As confident as I sounded to the team in the huddle, I felt far less confident. A turnover here and a few missed free throws there, then we could easily lose this game. God, please calm the nerves of each player that shoots free throws the rest of this game.
In the bleachers behind me, and the bench around me, it seemed that everyone’s excitement was on the verge of exploding from their body onto the floor as the clock ticked under a minute to play. However, I didn’t care about the crowd. I could not bring myself to enjoy the moment. Despite what every fan and player seemed to feel, I could not yet believe we were actually going to win this game. As a result, I continued shouting instructions to my players between swallows of water as my parched throat and desert mouth still felt every fear and nervousness I had felt throughout every single second of this ballgame.
As I continued to make substitutions, bringing my best free throw shooters and ball handlers in on offense while putting in the best combination of defensive players on the floor when our opponents had the ball, I stayed focused on doing everything I could to secure the victory.
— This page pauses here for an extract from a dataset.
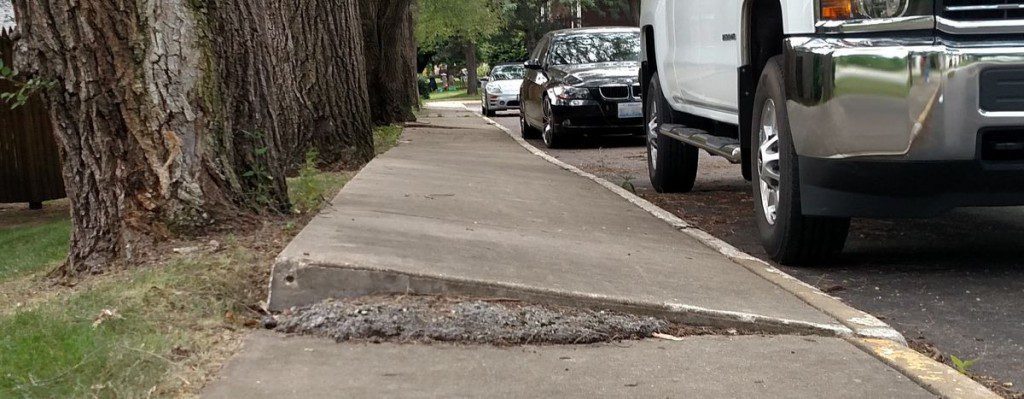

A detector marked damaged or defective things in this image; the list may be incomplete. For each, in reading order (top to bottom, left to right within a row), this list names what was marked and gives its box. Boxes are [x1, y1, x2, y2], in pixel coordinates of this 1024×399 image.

cracked concrete sidewalk [200, 104, 992, 398]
I paced the floor and downed cups of water that my manager faithfully kept refilling for me, all the while respectfully shaking off any congratulations that were coming from my players on the bench. I watched in wonder as my players on the court paraded to the free throw line making an impressive eight for eight free throws in the final minute.
With ten seconds left, as Kole Weber sank his last free throw to put us ahead by eight points, I finally burst into a smile and gave my assistant coach a high five before going down the bench slapping the hands of each of my players who were not in the game. At that moment, I finally allowed myself to believe we were going to win the game. At last I could relax and try to savor the moment.
Ten seconds later, the final buzzer made it official as we officially pulled off the single greatest upset of that year’s playoffs. Fans poured onto the court in jubilation, embracing each player, as I stood alone and tossed an empty cup into the trashcan. I no longer felt the desert, but had found my oasis moment.